Se passarmos ao poema longo, por isso de maior amplitude estrófica, a escolha continua difícil. No entanto, impressiona um texto como “Briga de touros”: um pequeno romance ou sacudida estória falando da luta entre dois touros: o Touro Brasileiro que vence e mata o Zebu vindo da Índia selvagem, o que em transposição semântica se desvela em sentidos vários outros, implicitamente ínsitos. A chave de ouro do remate, lavrada num contexto que diz do comportamento do gado, berrando tristemente em funeral e mais uma vez acumulando o frenético simbolismo da metáfora:

“era o berro do touro brasileiro

lamentando o destino do estrangeiro

que quisera ser dono do seu chão

Nestes versos se identifica simbolicamente a alma gaúcha: ela amando o seu chão, lutando pelo seu chão farroupilha, eternamente seu, eternamente invicta.

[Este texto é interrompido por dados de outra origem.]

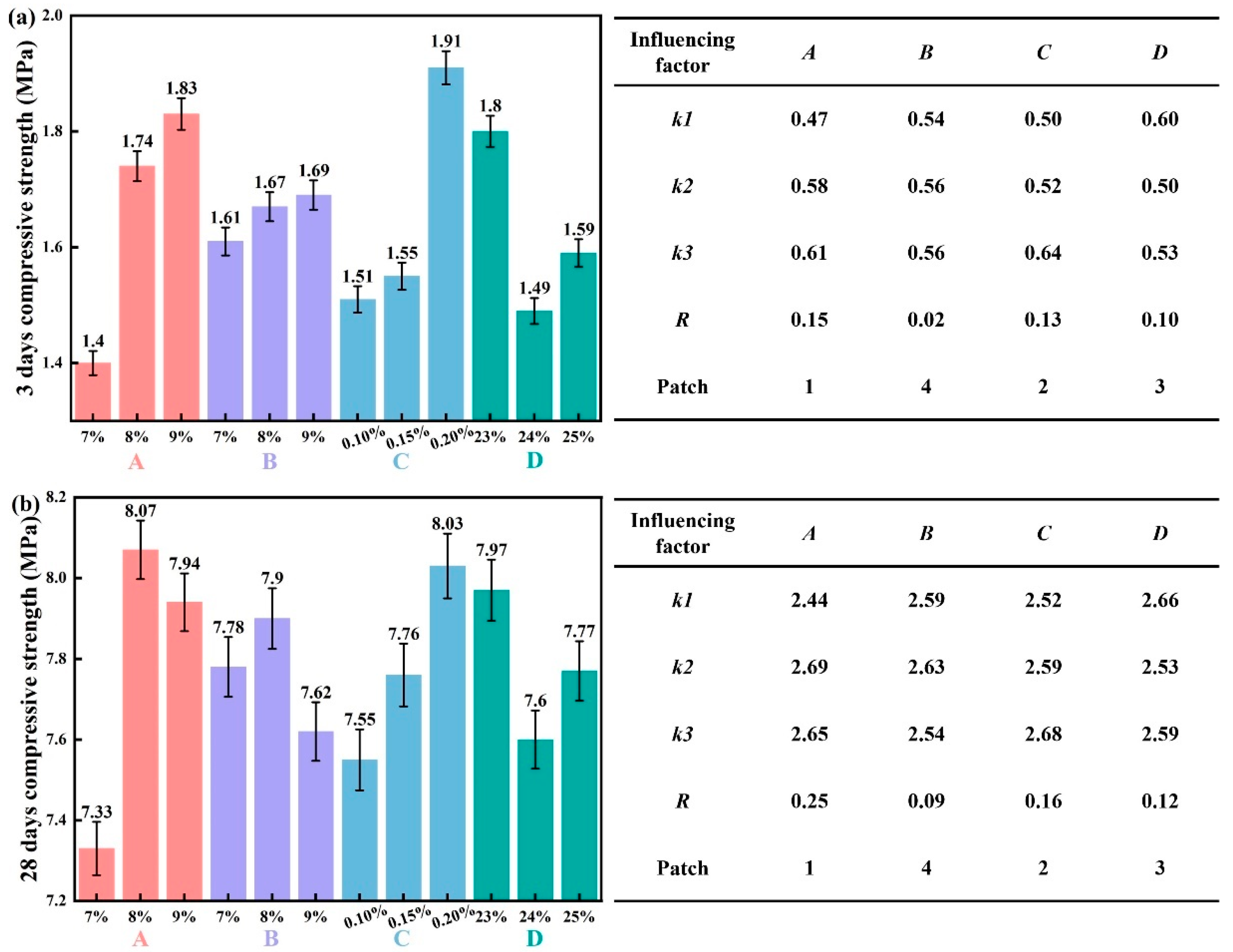 Materials 19 00778 g006 Materials 19 00778 g006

Totalmente acessíveis a uma primeira leitura são os textos, de muito seguro acabamento, como “Lagoa do rodeio” e “Morte de pai Joäo”, que, tocando a candente temática da crônica, avançam ternamente no recorte da saudade, figurando o autor, no primeiro, como actante que sustenta o poema e no segundo como o implícito autor-espectador onisciente que faz a narrativa poética. Esta técnica ou mecanismo de Zeno repete-se noutros poemas - o poeta sendo e comandando a construção poética. Outro poema modelar traz o título “Conversa de tolos”: o piano vencendo o violão porque este nunca teve “as carícias inocentes/ de uns macios dedinhos de mulher”. Também aqui os afluentes sentidos simbólicos atirando o poema para outras dimensões.

Outro poema - “O dia “V” - mas agora repassado de amplo fôlego, comemorativo do fim da Guerra Mundial-II. Não menos impressionante para o leitor é o poema “Pensamentos de um cachorro” - um cachorro confessando a fidelidade por seu dono. Sempre o texto aberto para a polissemia que lhe traz novos sentidos.

A leveza da endeixa pulsa em “Alma de guasca”, poema corrido e flutuante nos rendillhados de ritmos cantantes. Até uma ata - “Ata da reunião da Associação dos Fiscais de Tributos Estaduais” lhe mereceu um sinuoso poema, de muito humor, hilariedade e saudade. “Facão”, extraordinário poema de majestade épica, canta o valor desse instrumento que “ajudou a fazer a história”. “Covardia”, inesquecível poema com foros de crônica, sobre Juca Manco, um indio feio que, no bom estilo gaúcho, nunca levaria um desaforo para casa. Cremos ser esta característica - nunca levar desaforos para casa - uma qualidade muito esplendorosa da alma gaúcha. Pelo menos, o poema em tela assim nos convida a pensar.

Também de acabamento perfeito, os poemas constituídos por quadras, trovas e acrósticos. Toda esta variedade de temas, estilos e linguagem nos diz que Zeno Cardoso Nunes é uma figura literária marcante da história literária gaúcha.